Engineering Disease-Free Babies?

April 16, 2010— -- It takes two to make a baby, or maybe three or four if you're worried about passing on select genetic diseases.

Doctors in the United Kingdom announced Tuesday that they had successfully genetically engineered embryos from parents who would have passed on mitochondrial DNA mutations by conceiving the old-fashioned way. The researchers reported the feat in the journal Nature.

"Because of the lack of a viable treatment for these patients, and their families, preventing the transmission of mtDNA [mitochondrial DNA] disease is a priority," Douglas Turnbull, of the New Castle Institute for Brain Aging and Vitality and colleagues wrote in the article.

Mitochondria can be found in the cytoplasm of the cells, where they produce most of the cells energy. They have their own DNA distinct from the 50-50 mother-father split in the nucleus of a cell. A child directly inherits only its mother's mitochondrial DNA, and in some cases will be certain to inherit a debilitating mitochondrial mutation.

Turnbull and his colleagues took 80 donated fertilized eggs that were unsuitable for in vitro fertilization, removed the nuclei and replaced the nucleus from the unhealthy egg with mutated mitochondria into the healthy egg.

All of the genetically engineered zygotes soon developed into blastocysts and were destroyed within 6 to 8 days. But conceivably, couples could go through the same process and get a baby that looks like them but doesn't carry the mother's mutated mitochondrial DNA in the cytoplasm of their cells. A different method with similar goals was completed with monkeys in 2009.

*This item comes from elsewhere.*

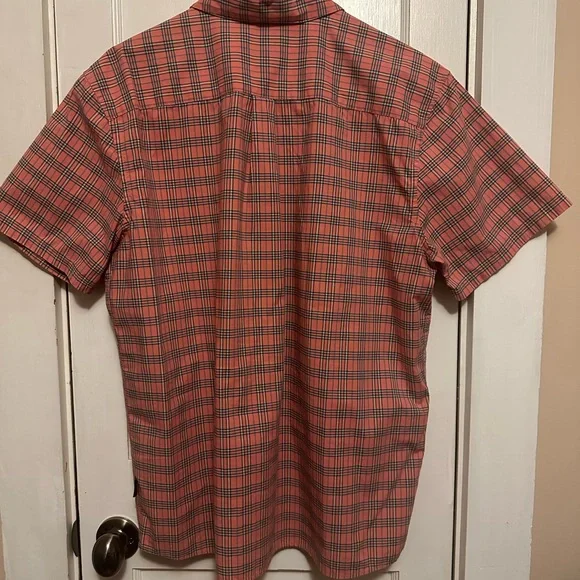 Patagonia Red and Black Casual Button Down Shirt - Picture 2 of 4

The authors of the paper argue that while some couples who know they are at risk for passing on mitochondrial diseases can already get genetic counseling or expect only mild problems from mitochondrial mutation, other families are more unfortunate.

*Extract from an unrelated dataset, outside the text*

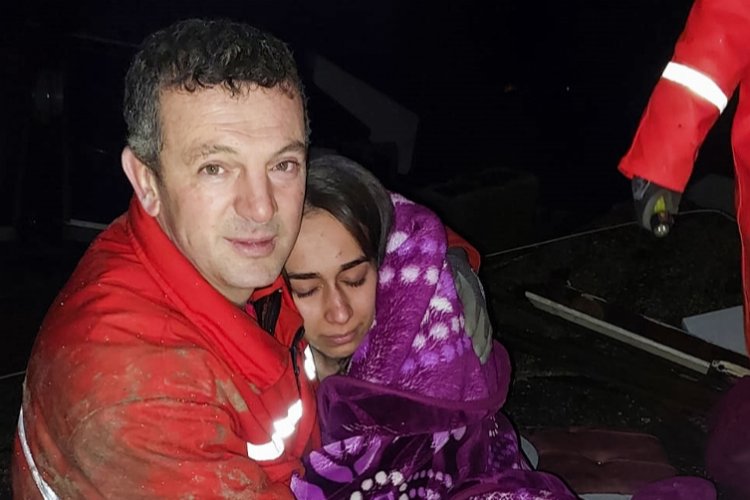 Kütahyalı itfaiye erleri Şevval'i enkazdan kurtardı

"In some families, mtDNA disease can affect multiple family members with catastrophic consequences," wrote Turnbull and colleagues. "For these families, pronuclear transfer may be an option that mothers who carry mtDNA mutation may consider."

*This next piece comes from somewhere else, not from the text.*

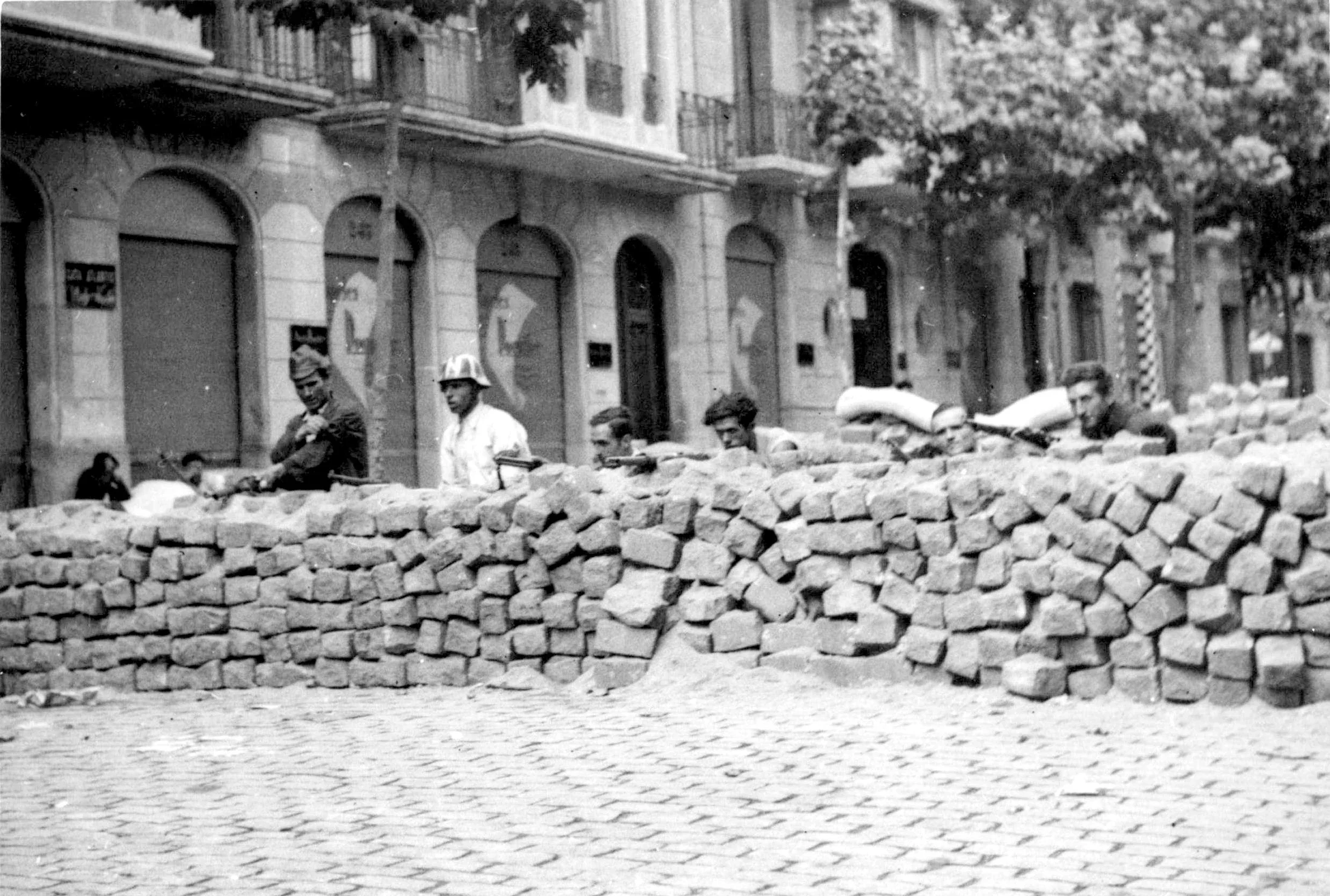 Barricada en las calles de Barceona durante la guerra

Mitochondria are responsible for generating 90 percent of the body's energy, according to the United Mitochondrial Disease Foundation, and can still function even with some level of mutation.

But health problems begin when 60 percent of a person's mitochondrial DNA is mutated, according to the authors of the paper.

Only a few thousand children are born with a mitochondrial disease each year in the U.S., according to the Cleveland Clinic. But by age 10, many more children -- about one in 4,000 -- will develop a mitochondrial disease.

When mitochondria malfunction. they can starve cells, or interfere with crucial chemical reactions within the body. Muscle weakness and pain, gastro-intestinal disorders and swallowing difficulties, poor growth, cardiac disease, liver disease, diabetes, respiratory complications, seizures or visual/hearing problems can all be caused by a mitochondrial disease.

Some people with a mitochondrial disease can live into adulthood, but many die within a few years.

Now That We Can Do This, Should We?

Although ethicists have come out in droves against genetic engineering at the level of a fertilized egg, some say the serious nature of these incurable diseases and the function of mitochondrial DNA should make this case of genetic engineering an exception.

"For these diseases that are very debilitating or devastating it makes sense," said Art Caplan, director of the Center for Bioethics at the University of Pennsylvania.

Starting with James Watson, who helped discover DNA's double helix, Caplan said geneticists often speak against "germ-line" engineering -- meaning genetically manipulating sperm, eggs or zygotes to change a human being.

"As recently as 2000 we had a large number of genetic experts saying, 'Don't do that,'" said Caplan, speaking about an Asilomar Symposium on Science, Ethics and Society where 247 scientists signed a position statement against it.

But Caplan argues in the case of mitochondrial DNA, "There's no intent here to interfere with the key genes that make us who we are. We're in the battery pack of the cell.

"I also think there's a little bit of coyness about it. Someone donating mitochondria. Is that person a third parent? I don't think so," said Caplan. "I don't think this is a big issue."

Not all agree.

David Prentice, a member of the lobbying organization Family Research Council, argued that replacing mitochondrial DNA was no different than other genetic engineering efforts.

"There are significant ethical concerns with this technique," said Prentice. "It involves cloning and germline genetic engineering of humans, requires destruction of young human embryos to create the recombined embryo, and is a eugenic technique that manufactures children."

Whatever the merits or disadvantages, both Prentice and Caplan agree that the technique would be legal in the United States.